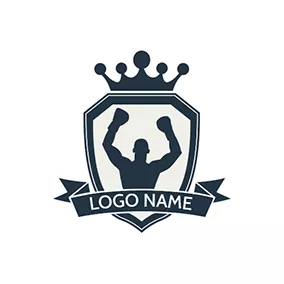 ファイターロゴ Black Badge and Boxer logo design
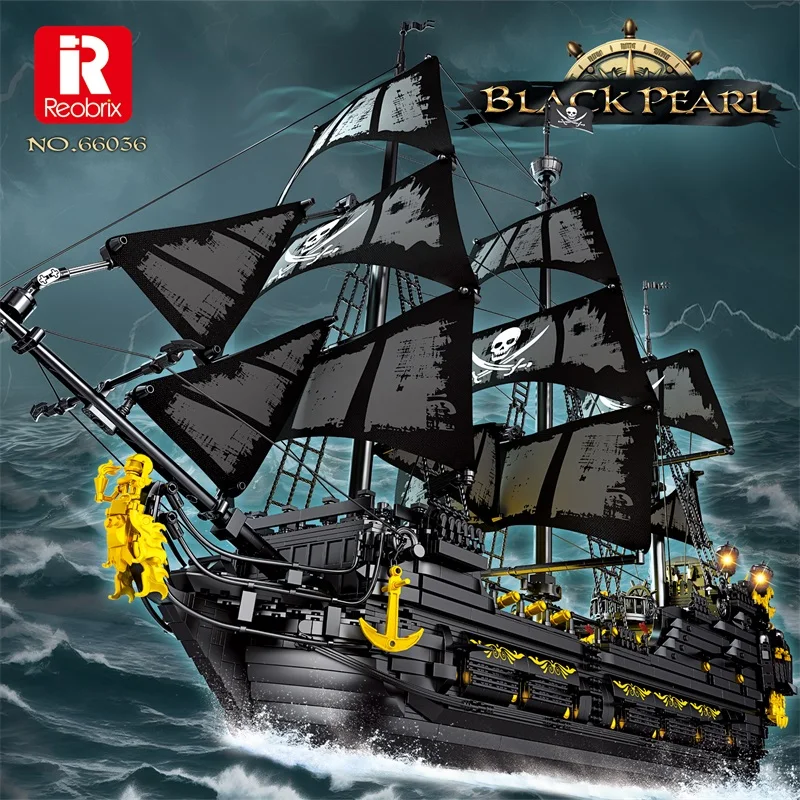 

4708PCS Black Pearl Pirate Ship Model Building Blocks Movie Skeleton Adventure Boat Assembly Bricks Set Kids Toys new Year Gifts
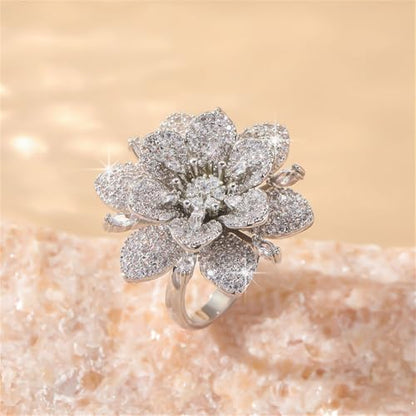 Kokoma Double Layered Rhinestone Flower Ring for Women Cubic Zirconia Geometry Sunflower Wrap Finger Band Adjustable Open Bands Rings Engagement Jewelry - color: Silver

--------------------

## [YOUR INSTRUCTIONS]
The result should be the full listing, retyped exactly and free of pictures.

## [SOLUTION TO THIS PROBLEM]
 ファイターロゴ Black Badge and Boxer logo design

4708PCS Black Pearl Pirate Ship Model Building Blocks Movie Skeleton Adventure Boat Assembly Bricks Set Kids Toys new Year Gifts
 Kokoma Double Layered Rhinestone Flower Ring for Women Cubic Zirconia Geometry Sunflower Wrap Finger Band Adjustable Open Bands Rings Engagement Jewelry - color: Silver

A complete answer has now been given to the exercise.